Brief descriptive captions:
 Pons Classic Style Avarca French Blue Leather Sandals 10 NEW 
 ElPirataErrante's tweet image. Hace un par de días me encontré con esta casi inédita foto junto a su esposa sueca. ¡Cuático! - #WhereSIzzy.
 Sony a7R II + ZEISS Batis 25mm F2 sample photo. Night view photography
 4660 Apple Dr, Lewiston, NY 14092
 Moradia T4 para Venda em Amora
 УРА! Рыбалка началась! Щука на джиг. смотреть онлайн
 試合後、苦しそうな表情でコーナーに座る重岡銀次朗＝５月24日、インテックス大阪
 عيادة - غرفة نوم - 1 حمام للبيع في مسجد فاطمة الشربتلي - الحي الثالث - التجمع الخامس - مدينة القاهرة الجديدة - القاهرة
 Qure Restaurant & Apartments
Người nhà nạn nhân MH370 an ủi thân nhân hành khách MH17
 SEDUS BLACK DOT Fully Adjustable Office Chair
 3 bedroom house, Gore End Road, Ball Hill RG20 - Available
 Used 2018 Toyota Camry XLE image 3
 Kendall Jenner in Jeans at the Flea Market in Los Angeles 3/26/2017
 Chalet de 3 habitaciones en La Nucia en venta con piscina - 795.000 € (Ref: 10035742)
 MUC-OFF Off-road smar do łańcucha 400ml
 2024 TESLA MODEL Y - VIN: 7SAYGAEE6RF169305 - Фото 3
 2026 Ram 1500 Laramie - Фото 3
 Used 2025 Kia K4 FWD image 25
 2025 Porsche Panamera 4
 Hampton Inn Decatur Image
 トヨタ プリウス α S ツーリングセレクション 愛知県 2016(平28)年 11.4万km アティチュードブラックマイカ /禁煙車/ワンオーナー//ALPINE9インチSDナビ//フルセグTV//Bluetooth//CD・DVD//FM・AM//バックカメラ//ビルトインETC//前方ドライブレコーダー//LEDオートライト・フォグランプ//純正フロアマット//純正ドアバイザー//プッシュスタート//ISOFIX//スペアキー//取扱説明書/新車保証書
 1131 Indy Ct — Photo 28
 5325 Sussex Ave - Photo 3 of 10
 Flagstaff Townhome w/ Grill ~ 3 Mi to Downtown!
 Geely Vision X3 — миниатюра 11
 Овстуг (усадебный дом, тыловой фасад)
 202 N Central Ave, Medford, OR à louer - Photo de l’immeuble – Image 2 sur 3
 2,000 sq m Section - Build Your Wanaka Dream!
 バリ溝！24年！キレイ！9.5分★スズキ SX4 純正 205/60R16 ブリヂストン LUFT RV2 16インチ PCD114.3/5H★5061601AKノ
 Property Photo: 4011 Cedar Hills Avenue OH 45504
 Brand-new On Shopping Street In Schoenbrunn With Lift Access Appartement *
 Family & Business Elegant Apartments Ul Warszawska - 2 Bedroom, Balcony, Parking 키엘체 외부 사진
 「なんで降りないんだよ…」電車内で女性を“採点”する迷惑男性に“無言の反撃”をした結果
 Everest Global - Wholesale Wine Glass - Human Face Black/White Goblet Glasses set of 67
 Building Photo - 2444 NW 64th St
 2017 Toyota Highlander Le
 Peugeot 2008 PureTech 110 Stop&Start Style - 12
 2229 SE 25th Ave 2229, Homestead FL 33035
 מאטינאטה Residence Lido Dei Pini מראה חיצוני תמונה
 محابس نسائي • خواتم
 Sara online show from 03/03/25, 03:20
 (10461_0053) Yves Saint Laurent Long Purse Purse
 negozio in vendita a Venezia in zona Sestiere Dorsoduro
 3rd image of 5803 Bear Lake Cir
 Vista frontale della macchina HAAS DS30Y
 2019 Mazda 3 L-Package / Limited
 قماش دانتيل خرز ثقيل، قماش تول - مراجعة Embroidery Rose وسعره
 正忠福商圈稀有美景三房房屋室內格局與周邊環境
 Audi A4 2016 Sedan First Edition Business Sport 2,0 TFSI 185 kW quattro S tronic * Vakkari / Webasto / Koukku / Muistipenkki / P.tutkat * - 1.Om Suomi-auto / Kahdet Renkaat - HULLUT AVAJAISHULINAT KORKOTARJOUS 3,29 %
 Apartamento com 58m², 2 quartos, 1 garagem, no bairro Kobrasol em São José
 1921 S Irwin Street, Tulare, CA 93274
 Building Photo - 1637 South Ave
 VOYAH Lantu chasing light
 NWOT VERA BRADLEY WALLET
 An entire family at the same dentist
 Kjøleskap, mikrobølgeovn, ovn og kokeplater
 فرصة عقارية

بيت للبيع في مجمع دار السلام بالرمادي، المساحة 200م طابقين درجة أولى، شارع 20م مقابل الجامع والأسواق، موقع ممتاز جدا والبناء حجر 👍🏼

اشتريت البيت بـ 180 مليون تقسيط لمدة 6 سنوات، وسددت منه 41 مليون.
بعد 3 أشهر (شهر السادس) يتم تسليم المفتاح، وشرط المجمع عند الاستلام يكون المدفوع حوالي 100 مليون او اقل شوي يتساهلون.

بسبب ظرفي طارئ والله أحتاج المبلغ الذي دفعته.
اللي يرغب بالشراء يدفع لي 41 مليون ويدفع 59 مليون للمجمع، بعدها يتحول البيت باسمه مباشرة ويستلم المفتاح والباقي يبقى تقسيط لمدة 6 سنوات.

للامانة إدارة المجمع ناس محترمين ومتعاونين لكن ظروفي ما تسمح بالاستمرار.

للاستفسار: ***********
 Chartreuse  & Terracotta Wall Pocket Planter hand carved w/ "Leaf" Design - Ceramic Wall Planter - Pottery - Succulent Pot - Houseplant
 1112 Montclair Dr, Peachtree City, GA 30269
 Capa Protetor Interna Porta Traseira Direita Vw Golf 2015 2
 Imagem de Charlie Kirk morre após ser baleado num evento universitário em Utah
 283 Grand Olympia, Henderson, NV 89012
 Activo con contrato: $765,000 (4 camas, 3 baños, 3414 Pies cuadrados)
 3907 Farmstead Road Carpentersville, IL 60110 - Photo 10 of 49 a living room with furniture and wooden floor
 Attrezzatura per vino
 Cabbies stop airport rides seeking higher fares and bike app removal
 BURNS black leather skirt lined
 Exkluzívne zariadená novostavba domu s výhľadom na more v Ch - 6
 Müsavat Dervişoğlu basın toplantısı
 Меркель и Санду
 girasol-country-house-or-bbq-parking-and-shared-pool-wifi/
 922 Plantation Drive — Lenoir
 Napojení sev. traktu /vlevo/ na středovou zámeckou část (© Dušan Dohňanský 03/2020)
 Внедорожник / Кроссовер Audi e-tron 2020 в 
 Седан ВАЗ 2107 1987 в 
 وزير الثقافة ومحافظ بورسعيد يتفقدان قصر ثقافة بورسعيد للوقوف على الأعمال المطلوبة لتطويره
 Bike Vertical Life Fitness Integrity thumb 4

- **What to do**
Please repeat word for word the lines above that run from the beginning through the line containing "試合後、苦しそうな表情でコーナーに座る重岡銀次朗＝５月24日、インテックス大阪", keeping both the first and that last line.

- **Written solution**
 Pons Classic Style Avarca French Blue Leather Sandals 10 NEW 
 ElPirataErrante's tweet image. Hace un par de días me encontré con esta casi inédita foto junto a su esposa sueca. ¡Cuático! - #WhereSIzzy.
 Sony a7R II + ZEISS Batis 25mm F2 sample photo. Night view photography
 4660 Apple Dr, Lewiston, NY 14092
 Moradia T4 para Venda em Amora
 УРА! Рыбалка началась! Щука на джиг. смотреть онлайн
 試合後、苦しそうな表情でコーナーに座る重岡銀次朗＝５月24日、インテックス大阪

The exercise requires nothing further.